Delhi High Court to hear plea against quota stay
The Delhi high court on Monday agreed to hear the AAP government’s appeal against its single judge order partially staying a notification scrapping management quota and some other criteria in the nurs
The Delhi high court on Monday agreed to hear the AAP government’s appeal against its single judge order partially staying a notification scrapping management quota and some other criteria in the nursery admissions in the city’s private unaided schools.
The Delhi government’s directorate of education (DoE) has in its appeal contended that the January 6 order scrapping various admission criteria and the management quota “was validly and lawfully” issued to ensure that admissions to entry-level classes, like nursery, are made in a “fair and reasonable” manner.

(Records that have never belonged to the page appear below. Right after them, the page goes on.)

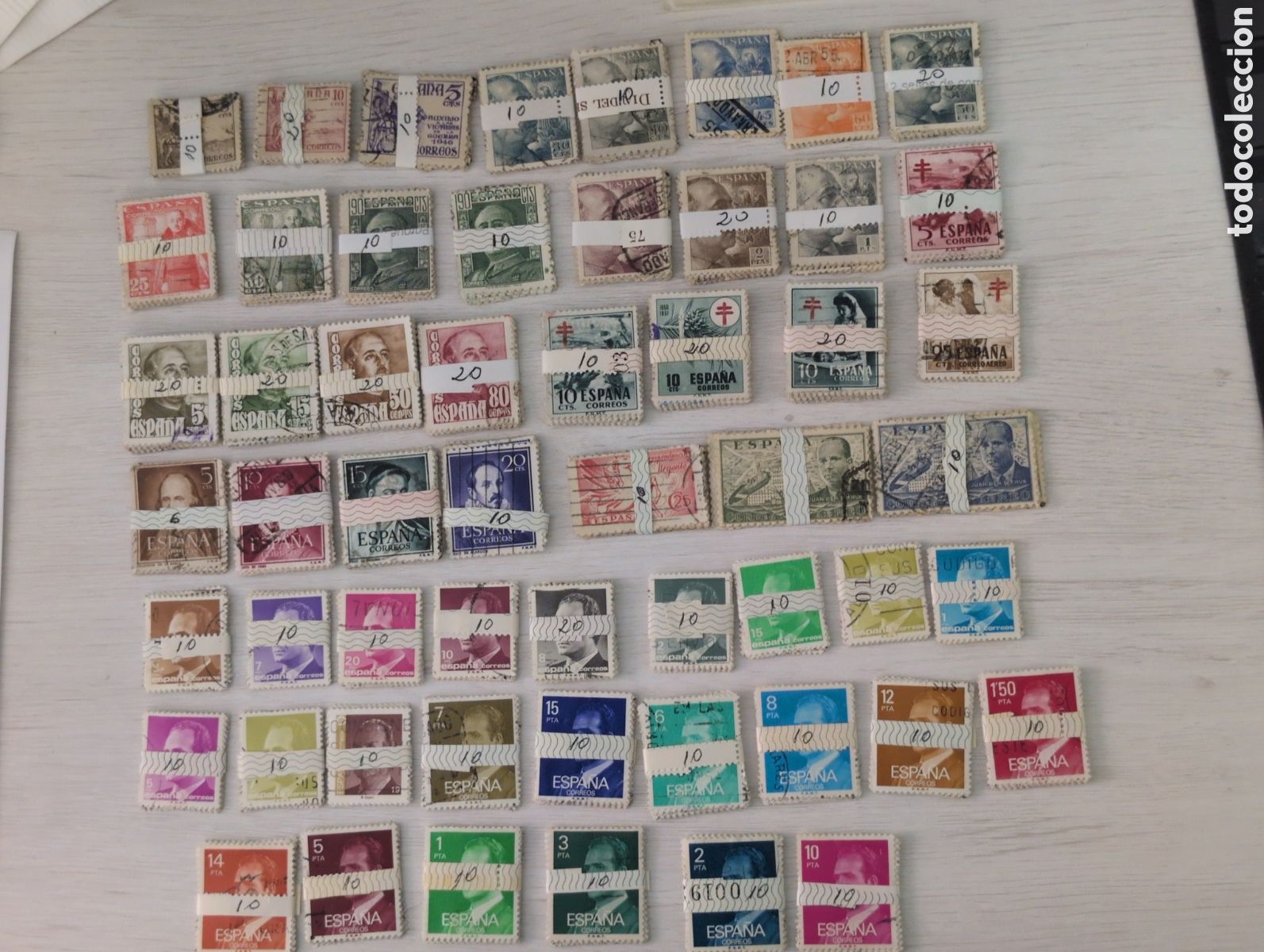 Sellos: Lote 1400 sellos usados - Foto 2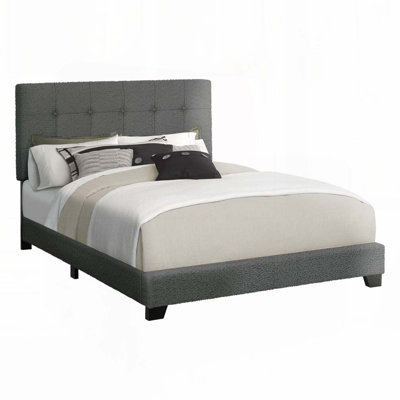 Lit plateforme tapissier Boucle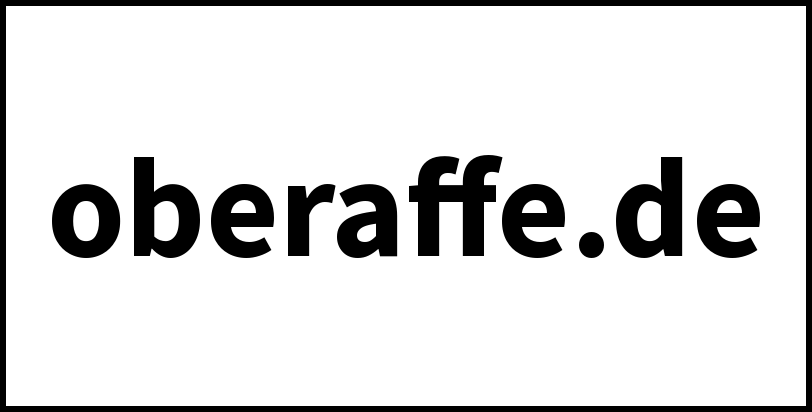 oberaffe.de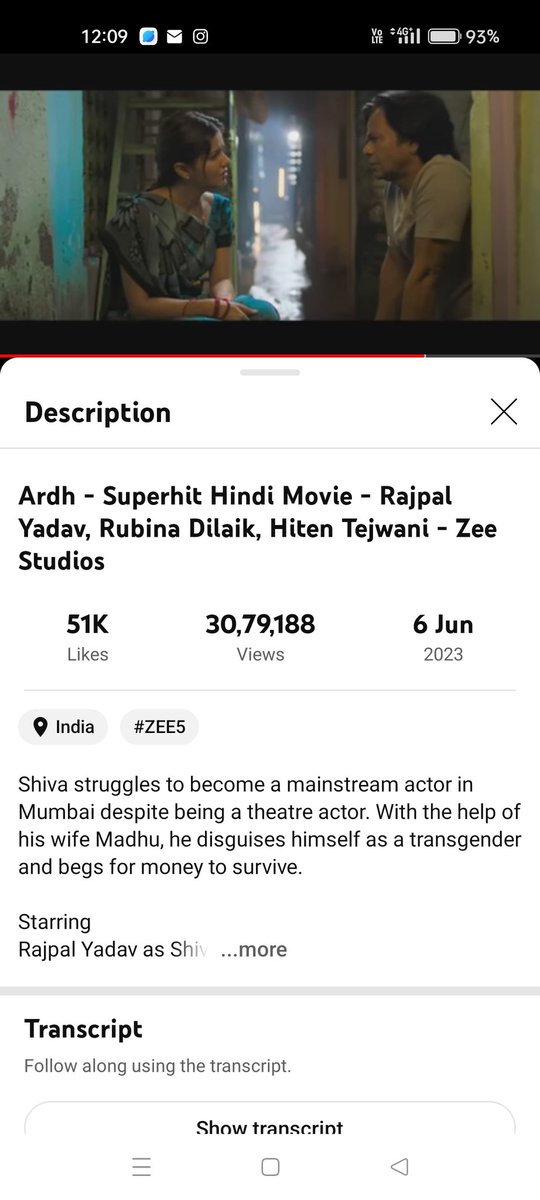 's tweet image. Now  #Ardh has completed 3M+ views on  YouTube. 😍♥️

    This movie  earned a lot of respect  and won  hearts of  public. Heart touching movie with such a beautiful story.✨

youtu.be/00p8KRdm_4s
#RubinaDilaik #Rubiholics @RubiDilaik @rajpalofficial @Palash_Muchhal @tentej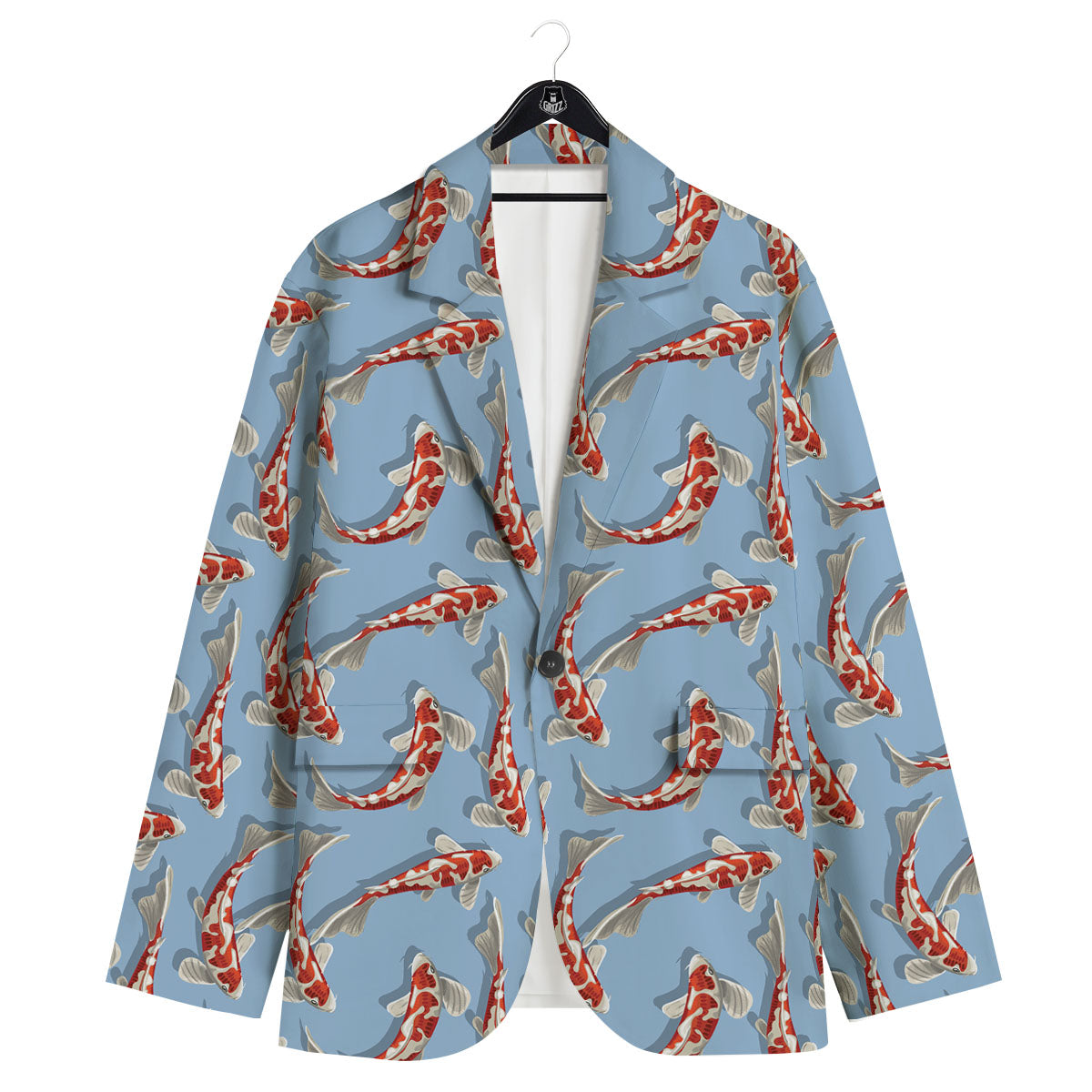 Carp Koi Print Pattern Men's Sport Coat-grizzshop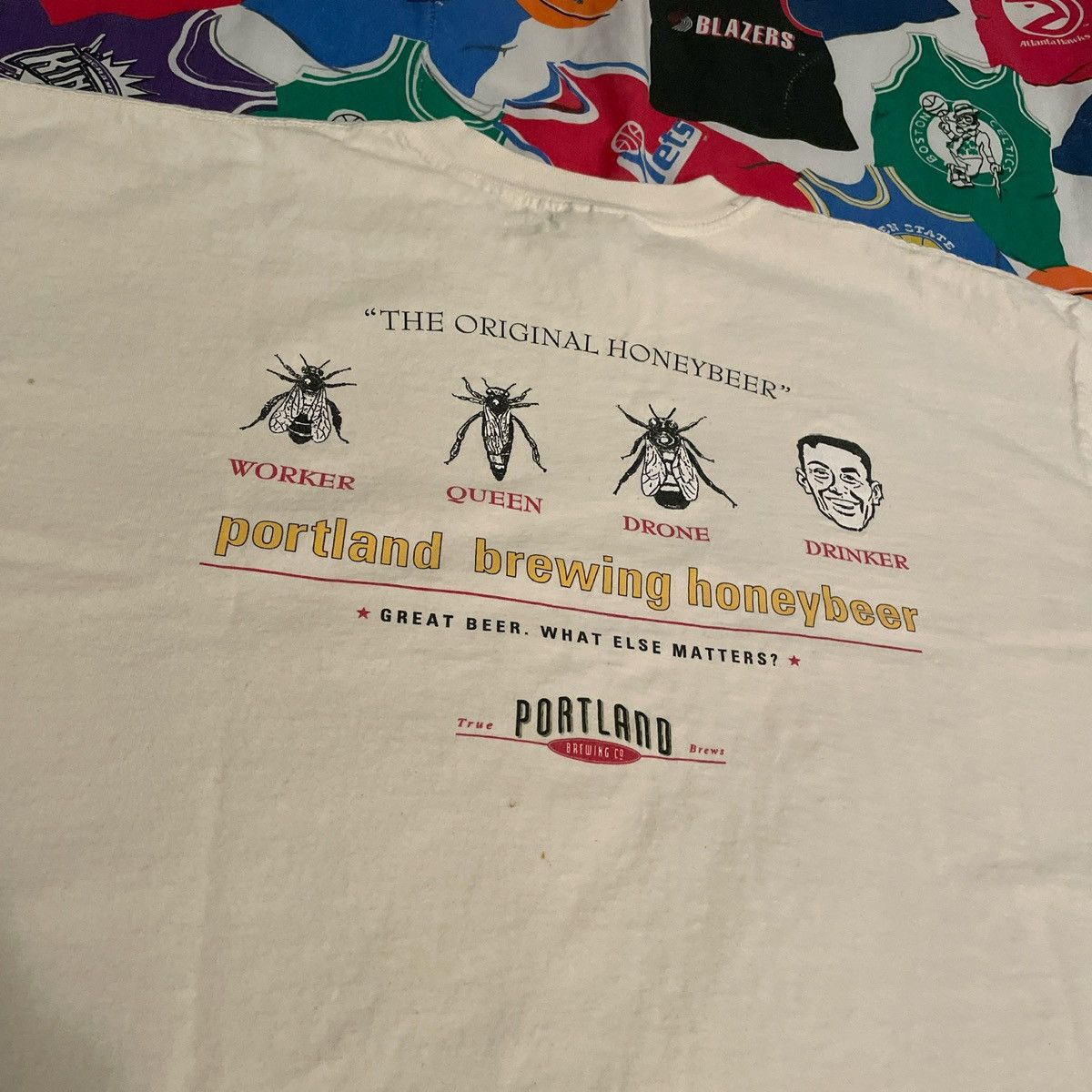 Vintage Vintage Original Honey Beer Promo Brewery Brewed Tee Size US XXL / EU 58 / 5 - 4 Thumbnail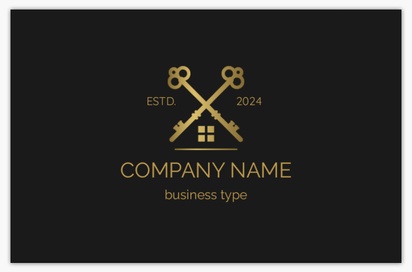 Design Preview for Design Gallery: Property & Estate Agents Matte Business Cards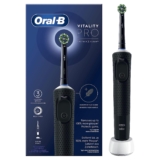 Oral-B Vitality Pro Elektrische Zahnbürste/Electric Toothbrush, 3 Putzmodi für Zahnpflege & Protect X Clean Zahnbürstenkopf, Geschenk Mann/Frau, Designed by Braun, Schwarz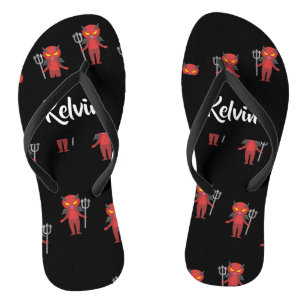 Chanclas Red devil halloween pattern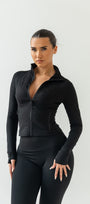 Classic Black Sculpt Jacket
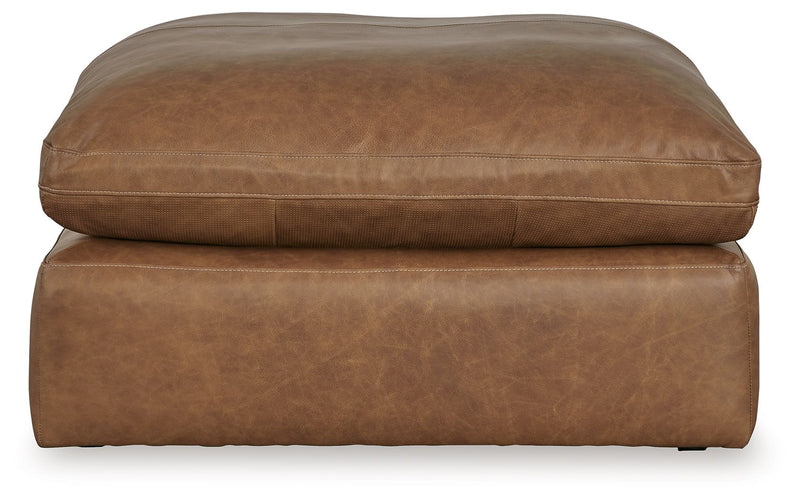 Emilia - 3 Pc. - 2-Piece Sectional Loveseat, Ottoman - Caramel - R&R Furniture Gallery (Fountain Valley, CA)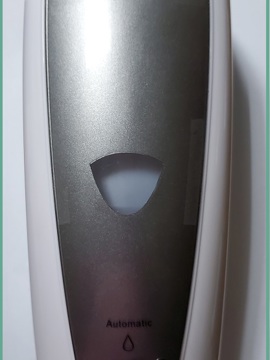 Janitorial Supplies Dispenser - Automatic Dispenser 1000ml Refillable Cartridge Battery Operated Chrome and White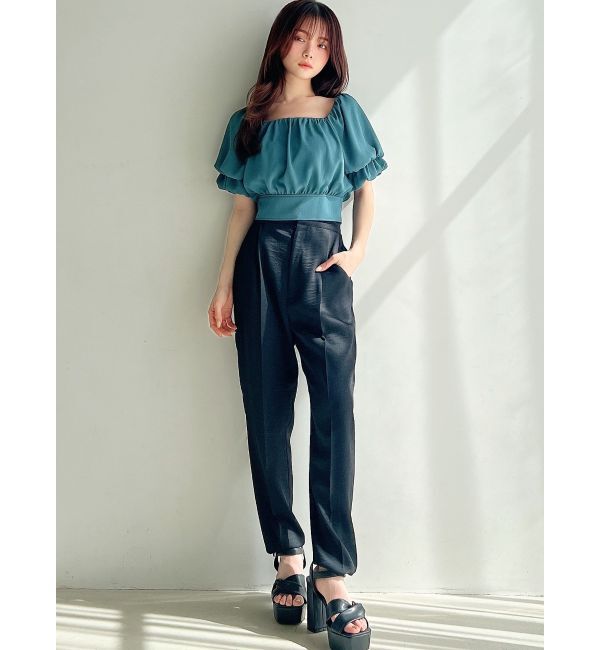 RESEXXY「クレープテーパードパンツ【セットアップ着用可能】」|その他|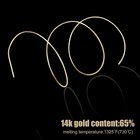 14k Gold Solder Wire For Jewelry Making  6 3 Inch Long Easy Solder Gold Welding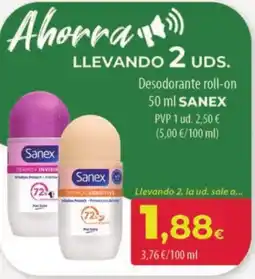 Spar Tenerife SANEX Desodorante roll-on oferta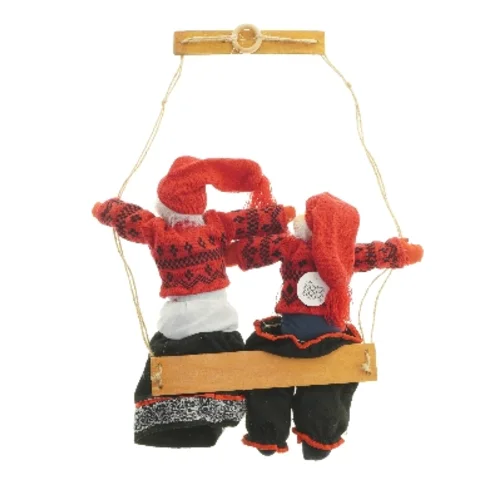 Dukkepar på gynge (str. 41x30,5 cm)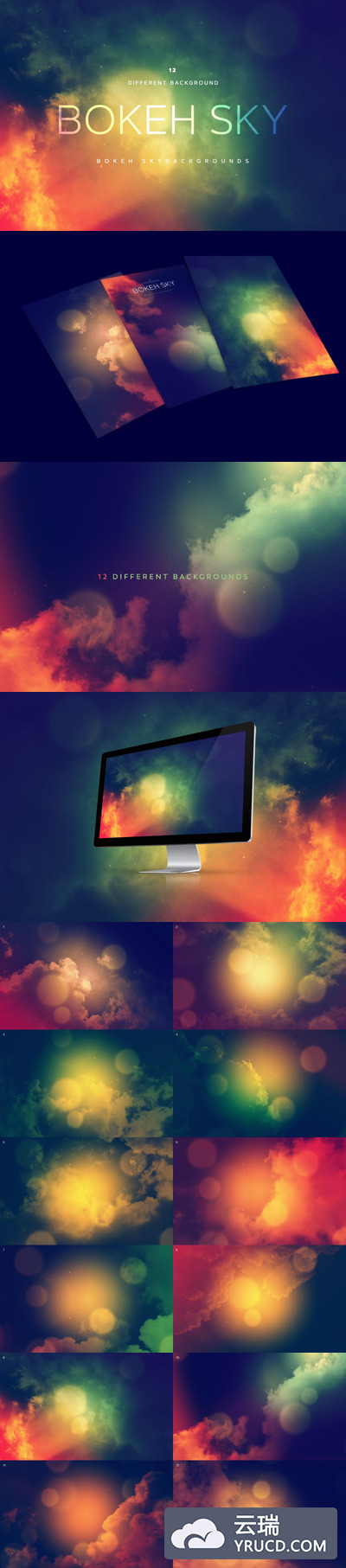 艺术天空背景素材[JPG]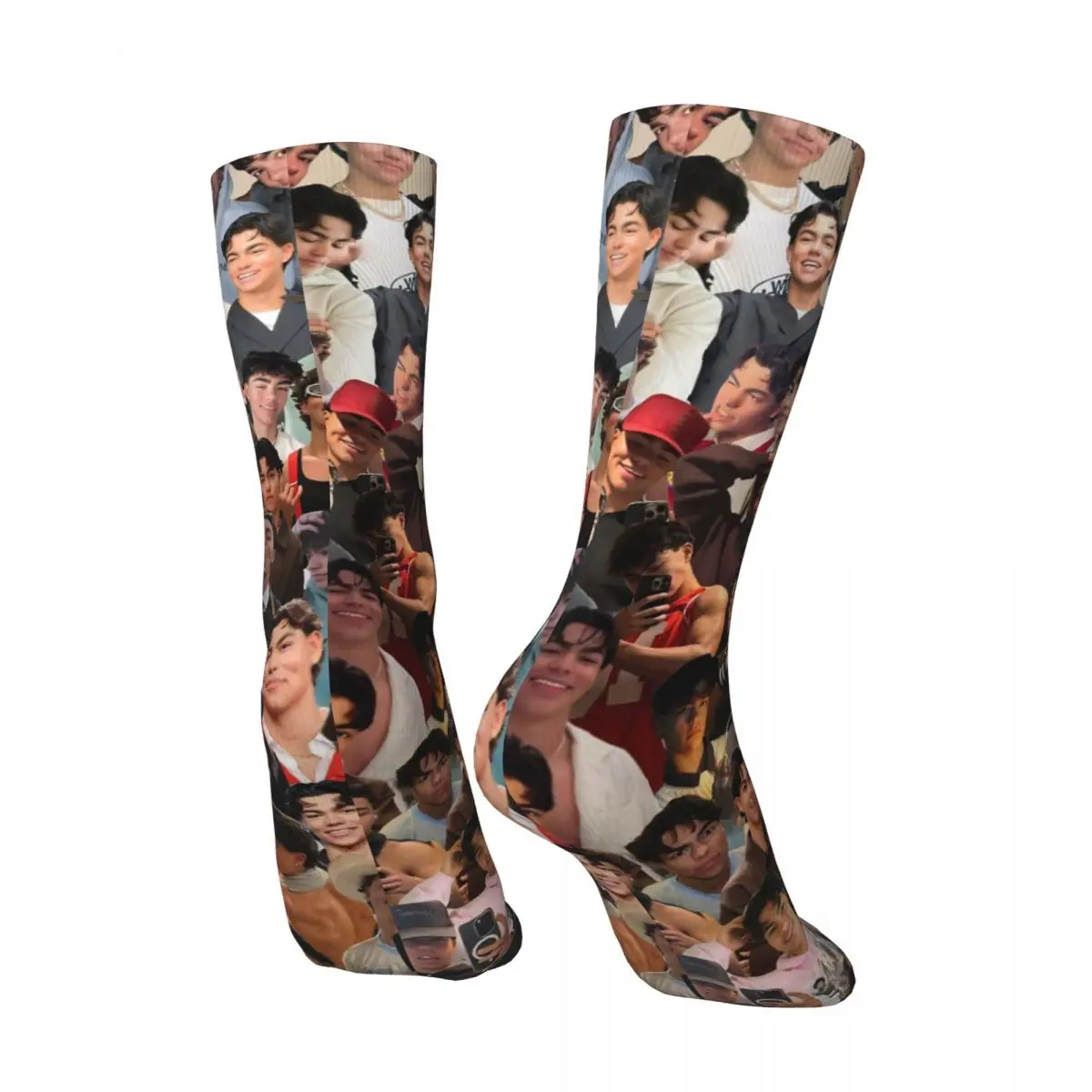 ユニセックスソックス マラチ・バートン アメリカの俳優と歌手の写真パターンストッキング 冬用面白い靴下 登山用汗止め靴下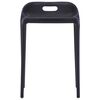 vidaXL Stool Set of 4 Black Polypropylene Compact size Stackable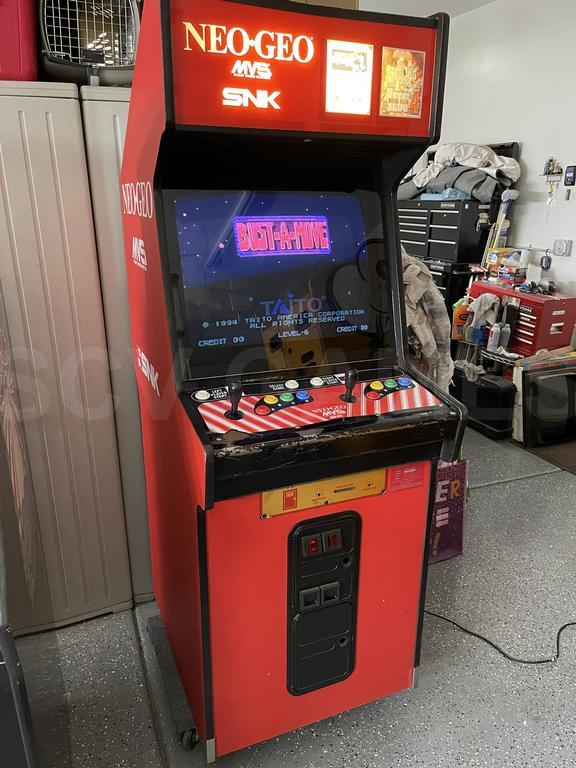 1989 SNK Neo-Geo Upright 2 Cartridge Arcade Machine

In its plea, listed before a bench of Chief Justice G. Rohini and Justice Jayant Nath, the DoE said the decision was taken “without any view to interfering in the autonomy of private unaided schools.” It has said the “objective was not to deprive private unaided schools of their autonomy, but to ensure that admission to entry-level classes are made in a fair, reasonable, rational, transparent and non-exploitative manner.”
The DoE said it was “fully empowered and competent in terms of Delhi Schools Education Act and Rules framed thereunder to issue” the January 6 order.
Terming the practice of granting admissions under management quota as being allegedly “non-transparent and opaque,” the DoE said the intention behind the notification was to “prevent maladministration.” The single judge in a February 4 order had stayed the DoE’s January 6 order with regard to scrapping of management quota as well as 11 other admission criteria, saying it was issued “without any authority” and was in conflict with an earlier decision of the lieutenant-governor.
The 11 criteria include those relating to the proven track record of parents, their proficiency in music or sports, their empirical achievements, the gender of the child and whether the kid was the first-born or adopted.
The single judge was of the prima facie view that the Delhi government’s January 6 order, scrapping a total of 62 criteria and management quota, was “issued without any authority” and was in “direct conflict” with the L-G’s 2007 order on nursery admissions in private unaided schools.